All in the mind
SHEILA KUMAR
Walking on the ridge of a windswept cliff, you suddenly get to see
more of a cliffhanger way of life.
It is a bleak day, a blue day tinged at the
edges with grey, just the day for a long walk. Along the edge of the cliff
stretches the path, a winding tan ribbon speckled with the green of grasses
here and there. The path seems to lead on, ribbon thin, right up into the white
clouds billowing fatly in the distance. The surf pounds below, throwing foam
high into the air. It is also a day for flights of fancy.
I walk along the path, the wind buffeting me,
meeting resistance in my body. The wind carries ice-tipped fingers that brush
me here and there, inducing pleasant chills. I wonder, am I seen as a frail
silhouette on this immense black rock face?
Far below, I can see the undertow gleaming,
dark with malice, or so it seems to me. Perhaps it waits to drag me down into
its murky depths. Or perhaps I’m being fanciful, again.

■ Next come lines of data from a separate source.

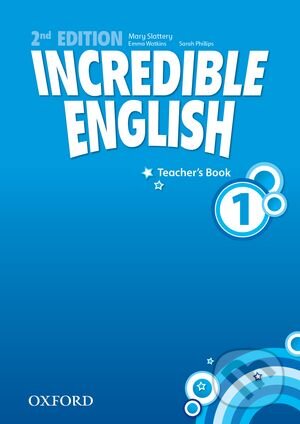 Levně Incredible English 1: Teacher's Book (Second Edition) - kniha z kategorie Jazykové učebnice a slovníky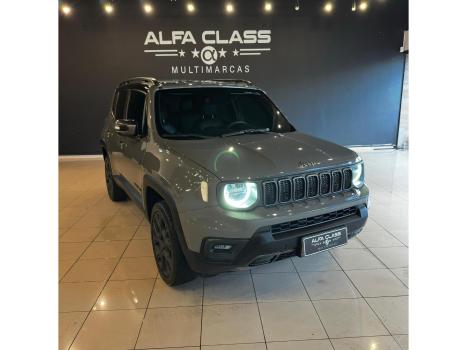 JEEP Renegade 1.3 16V 4P FLEX T270 S 4X4 TURBO AUTOM�TICO, Foto 1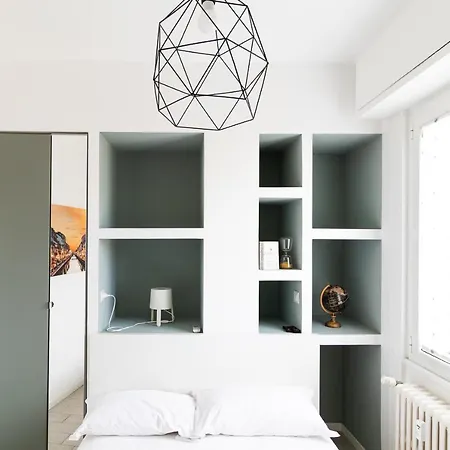 Apartamento Centro - Moderno Con 2 Milán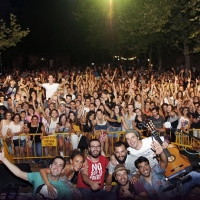 El 'Festivadillo' recauda casi dos toneladas de alimentos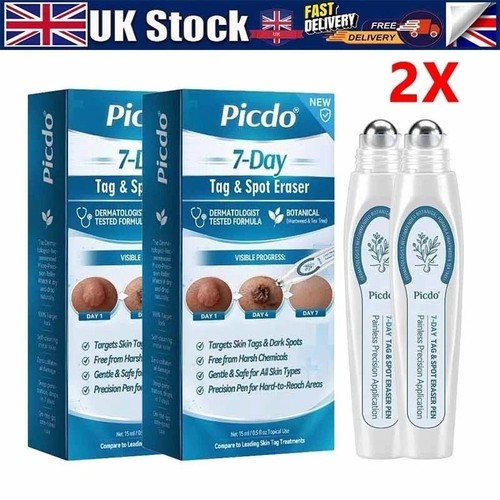 Picdo skin tag - 2x,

Then suddenly, without warning, I slip on a
wet patch and feel myself begin to slide, slide to the very edge of the wet
rock, slide slowly, inexorably over it. The underside of the cliff looms up, in
impassive, implacable fashion. Slimy rock, the colour of treachery, stares me
in the face.
On the heels of panic comes a kind of calm. I
grip the side of the cliff hard, groping for a foothold. For where there is
rock, there will be a foothold. Slowly, painfully, I haul myself back onto the
cliff path.
Once back on the path, I
look up at the big birds wheeling in the sky, beady intent gaze fixed below. I
find I neither fear them nor can I ignore them; however, caution builds within me, bringing new
strengths with it. There is a tensile awareness in every nerve, the discovery
of an elemental sense of balance. I brace myself to stay upright on the cliff.
I will finish my walk.
The way is not, cannot be easy. If the cliff
were a mere piece of boulder, there would be none of that immense show of
strength, that austere beauty, that power.
I
stare about me and see that I am standing on a huge fist shooting into the sky,
not quite threatening but not quite protective either. It survives. And I shall
survive too.
That is when my moment of epiphany arrives.

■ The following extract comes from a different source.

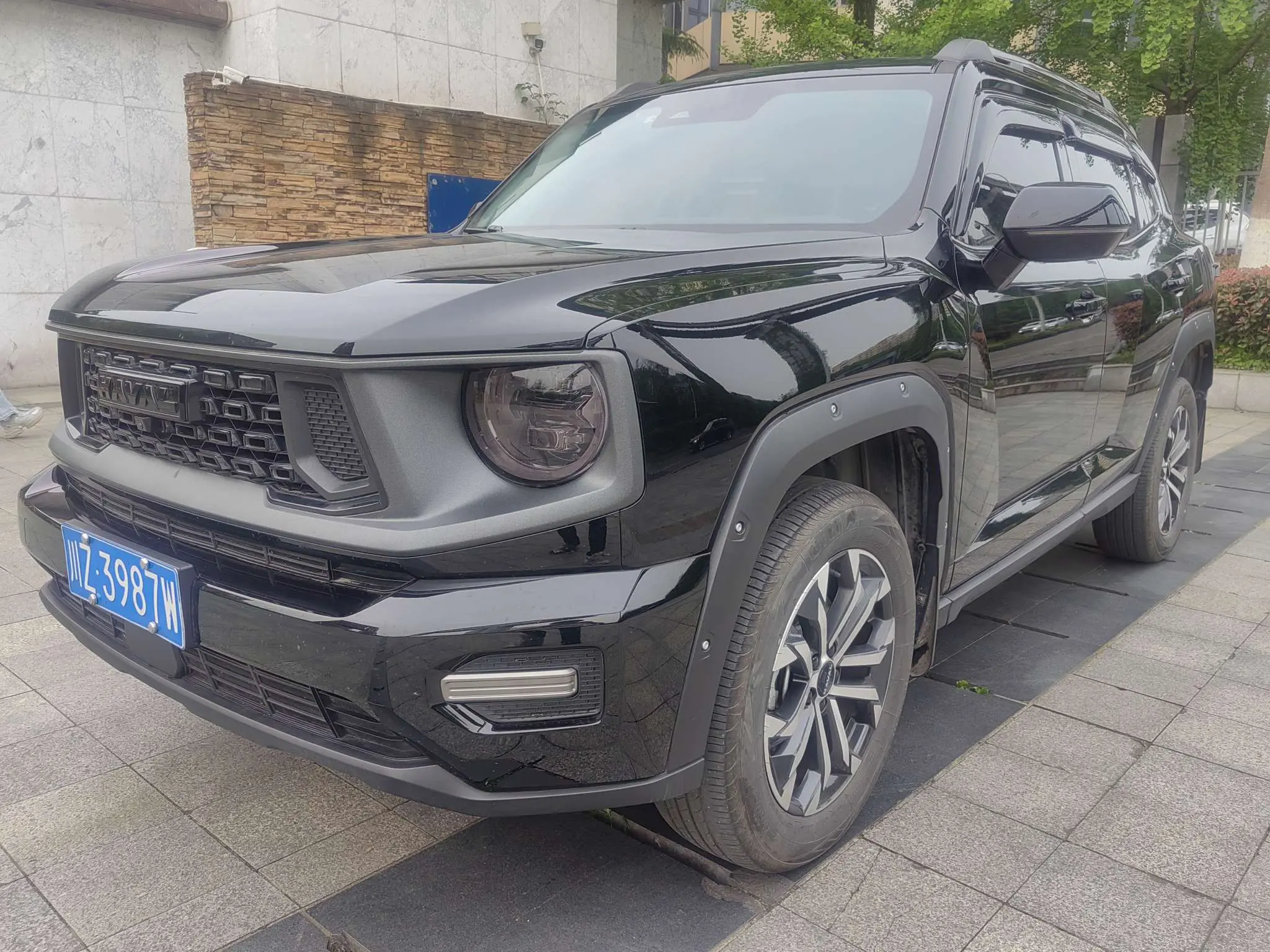 Haval Big Dog PLUS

What, I think, is life but a walk along the cliff top? A reality full of
greens, whites and boulder-blacks. A reality which also holds foamy,
needle-sharp terrors and wild cries from birds of prey. As it holds promise, so
it holds dangers.
Ultimately, though, when the day dawns
blue-grey, when the wind whistles in the tress and the surf breaks against
rock, can anyone resist a walk along the cliff path?